After writing this out I understand why there were 3 prints for (take 2).

With this settled I'll be able to look at the guide again and fill in any missing pieces. I will let you know once I think it's ready.

xificurC commented 3 years ago

Hi Leo,

I added a note about RxJava Intervals not doing backpressure. Apart from that I found no obvious issues with the tutorial, so I consider it finished and leave it up to you to merge or request further changes. Thanks for all the help!

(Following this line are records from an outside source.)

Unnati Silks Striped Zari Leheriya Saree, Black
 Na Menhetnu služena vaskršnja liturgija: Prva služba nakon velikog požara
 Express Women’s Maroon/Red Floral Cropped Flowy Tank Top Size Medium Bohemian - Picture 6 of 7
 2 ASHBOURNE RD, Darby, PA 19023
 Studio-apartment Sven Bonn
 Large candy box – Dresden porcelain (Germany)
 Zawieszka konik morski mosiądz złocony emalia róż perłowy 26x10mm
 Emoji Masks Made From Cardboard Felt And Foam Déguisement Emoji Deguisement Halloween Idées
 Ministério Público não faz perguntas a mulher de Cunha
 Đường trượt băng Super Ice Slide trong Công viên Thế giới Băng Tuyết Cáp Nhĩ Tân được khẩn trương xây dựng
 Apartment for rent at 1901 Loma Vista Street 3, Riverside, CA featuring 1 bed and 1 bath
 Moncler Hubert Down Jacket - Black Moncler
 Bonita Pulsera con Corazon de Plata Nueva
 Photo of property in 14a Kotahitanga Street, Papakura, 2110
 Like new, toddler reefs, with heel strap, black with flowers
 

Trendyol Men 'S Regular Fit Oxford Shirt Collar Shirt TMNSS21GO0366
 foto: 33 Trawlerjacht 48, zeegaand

leonoel commented 3 years ago

Well, I did not expect you to write that much and I really like what you came up with. I don't see anything to change, it makes sense for me to publish it as is. Feel free to add your name as single author, I'll publish my cheatsheet later as a separate document. Thank you again for the hard work !

xificurC commented 3 years ago

Thank you for the kind words. It was a nice way to learn about the API and internals. I don't want my name in the tutorial, if anyone cares they can check it in the commits. Thanks for your help while writing it, it was fun!